* WHAT YOU WILL DO: Instruction for the listing below: copy exactly, and only, the lines from the one holding "BARBIE KEN DOLLS" through its last line, omitting any picture.

* THE DATA:
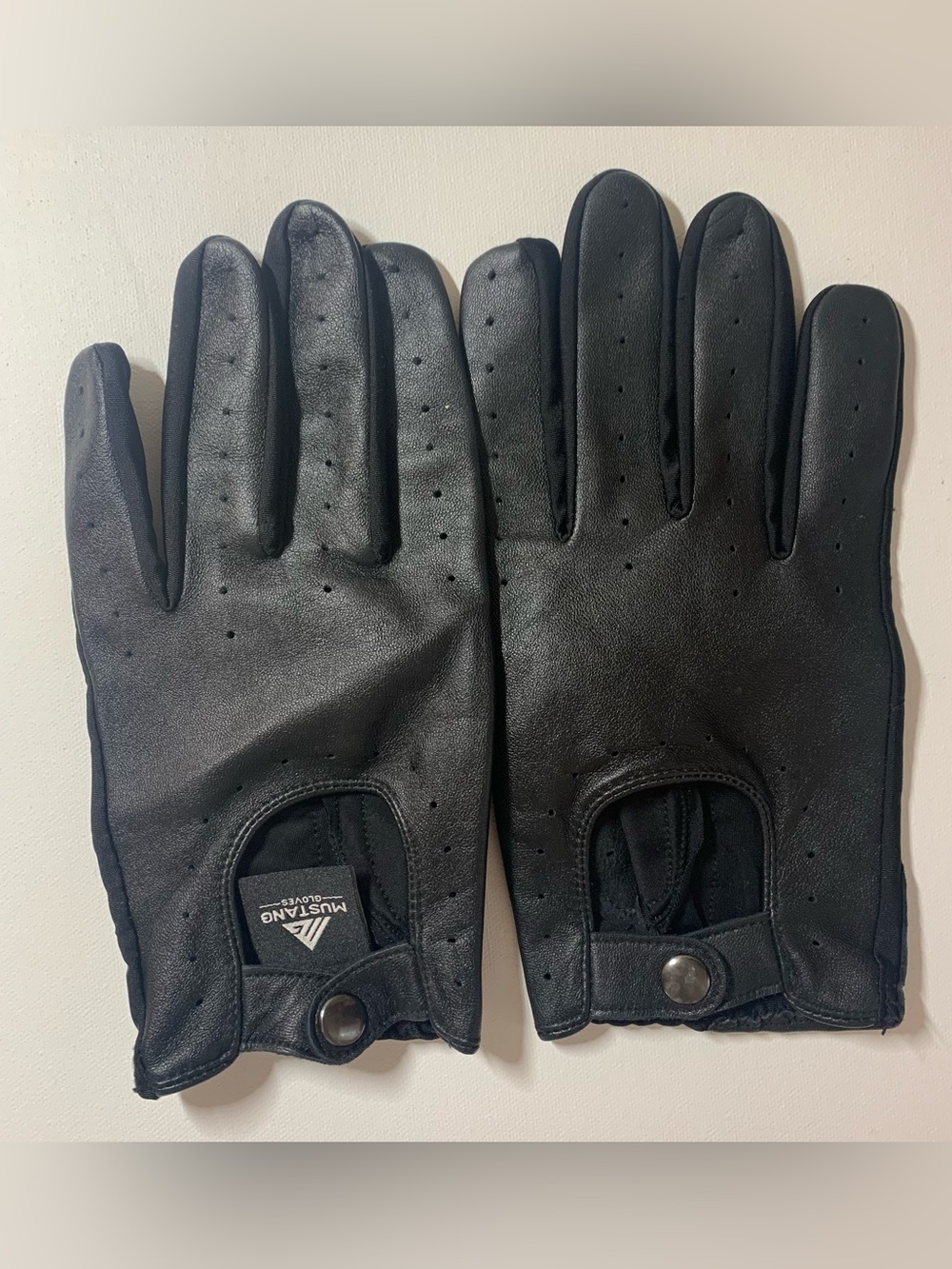 Vintage lamb skin leather black Mustang driving gloves size medium/large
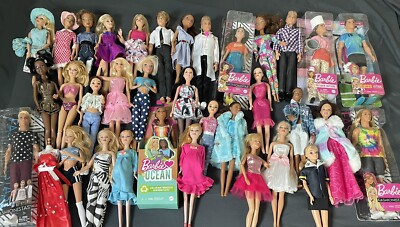 BARBIE KEN DOLLS 250 PCS-100 PIECES CLOTHING 150 MIXED ACCESSORIES-NO  DOLLS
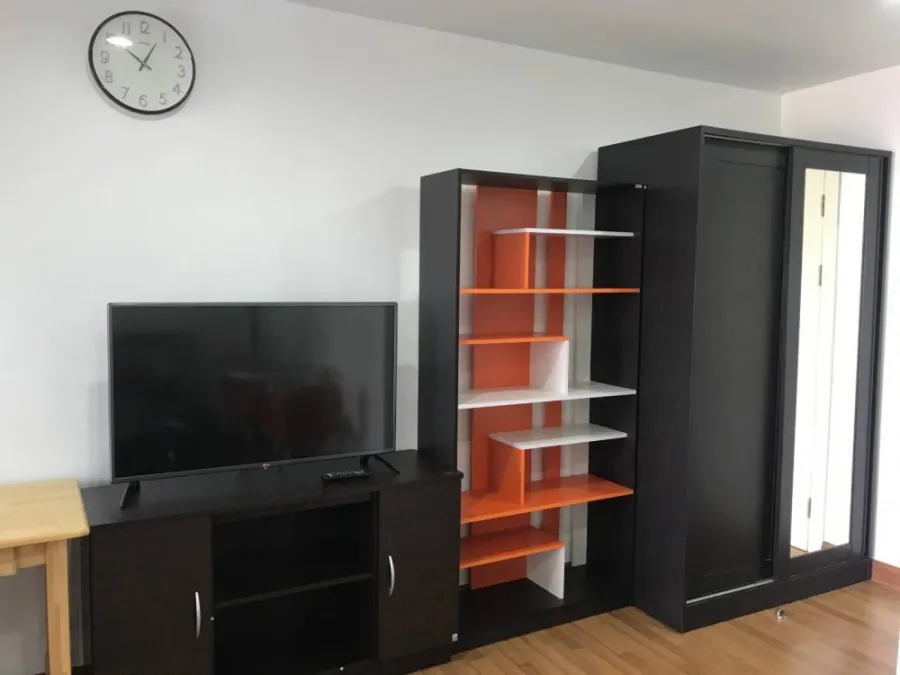 Condo for rent Regent Home 18 Chaengwattana-Laksi. Partition room Fully furnished. Hurry up to reserve.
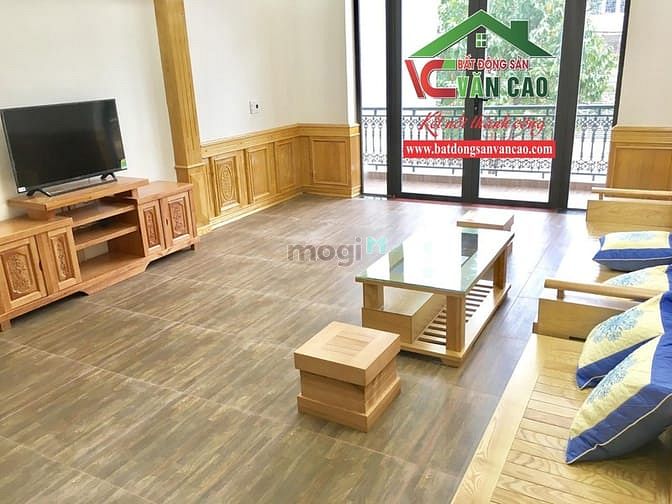 Hình ảnh House for rent beautiful 4-6 bed room Van Cao Street to live or work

* THE ANSWER:
 BARBIE KEN DOLLS 250 PCS-100 PIECES CLOTHING 150 MIXED ACCESSORIES-NO  DOLLS
 Condo for rent Regent Home 18 Chaengwattana-Laksi. Partition room Fully furnished. Hurry up to reserve.
 Hình ảnh House for rent beautiful 4-6 bed room Van Cao Street to live or work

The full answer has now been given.